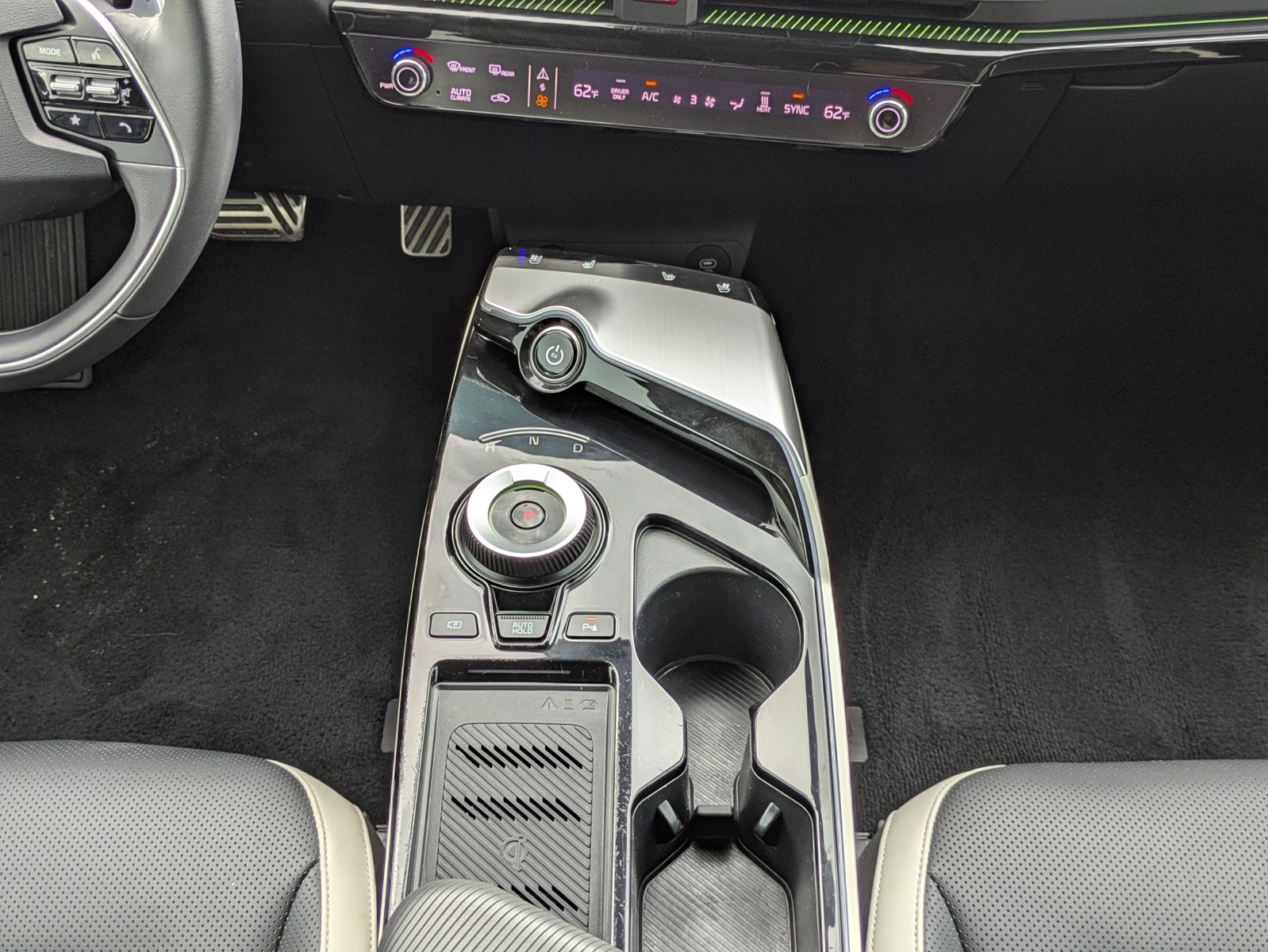 Certified Used 2024 Aurora Black Pearl Kia GT-Line image 19
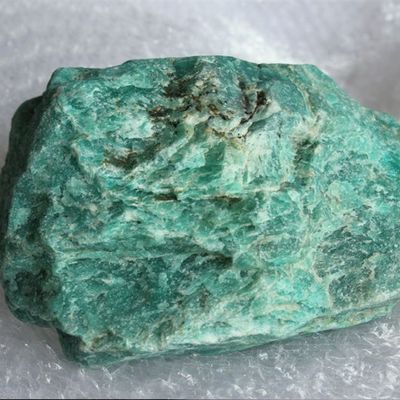Gesneden techniek IJst Type Natuurlijke Tianhe Kristalsteen Ruwe stenen ornamenten voor kunst Collectie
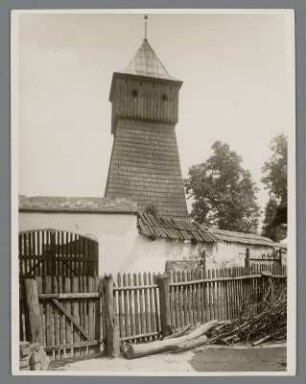 Ostroppa oder Stroppendorf. Schlesien. Schrotholzkirche St. Georg. Hier der angebaute Glockenturm aus dem Jahre 1719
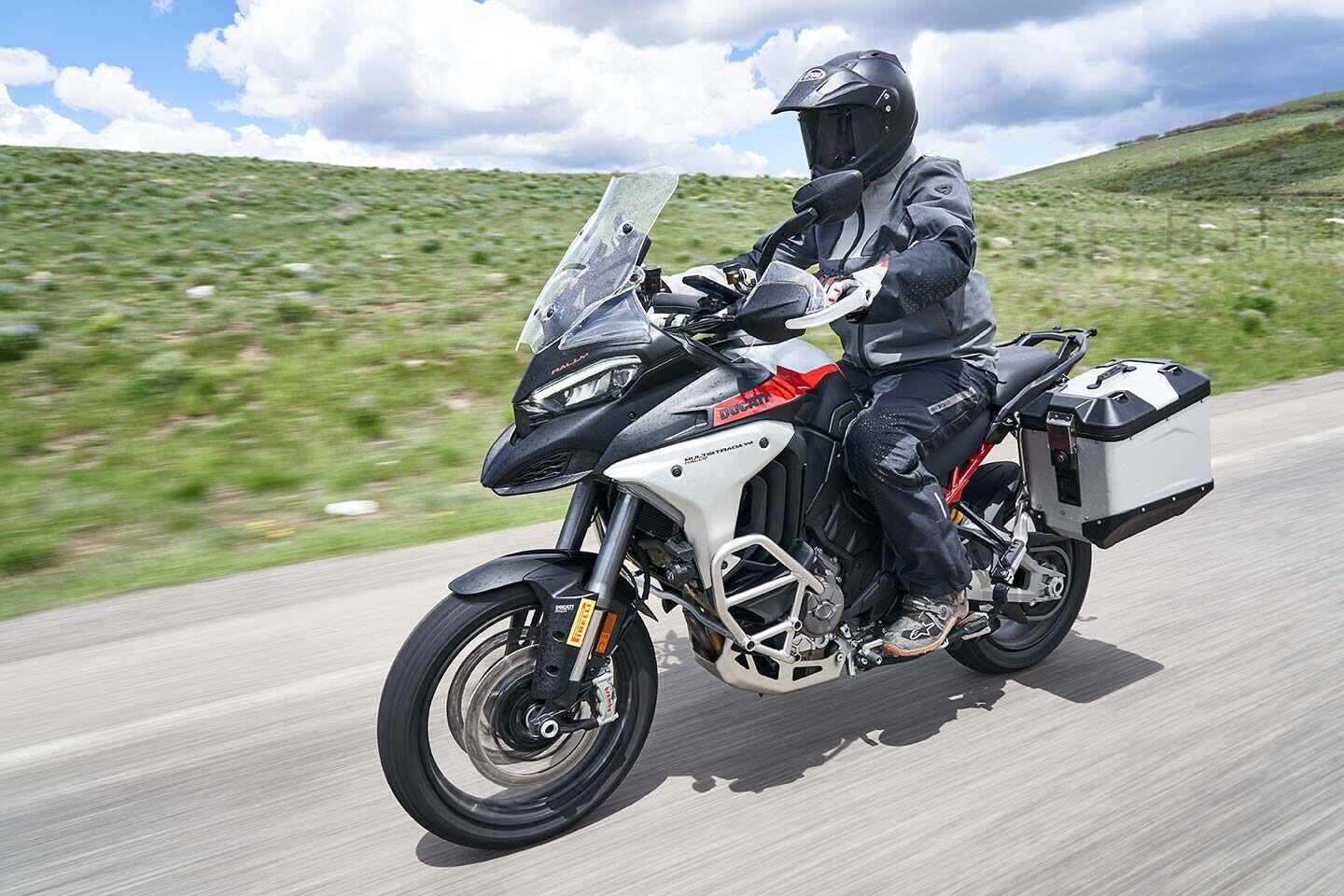 The Multistrada V4 Rally’s ergonomics are adaptable and comfortable for a variety of rider sizes.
++++
• How to complete this task
Could you print the listing above word for word, without its pictures?

• Response to the task
 Certified Used 2024 Aurora Black Pearl Kia GT-Line image 19
Gesneden techniek IJst Type Natuurlijke Tianhe Kristalsteen Ruwe stenen ornamenten voor kunst Collectie
 Ostroppa oder Stroppendorf. Schlesien. Schrotholzkirche St. Georg. Hier der angebaute Glockenturm aus dem Jahre 1719
 The Multistrada V4 Rally’s ergonomics are adaptable and comfortable for a variety of rider sizes.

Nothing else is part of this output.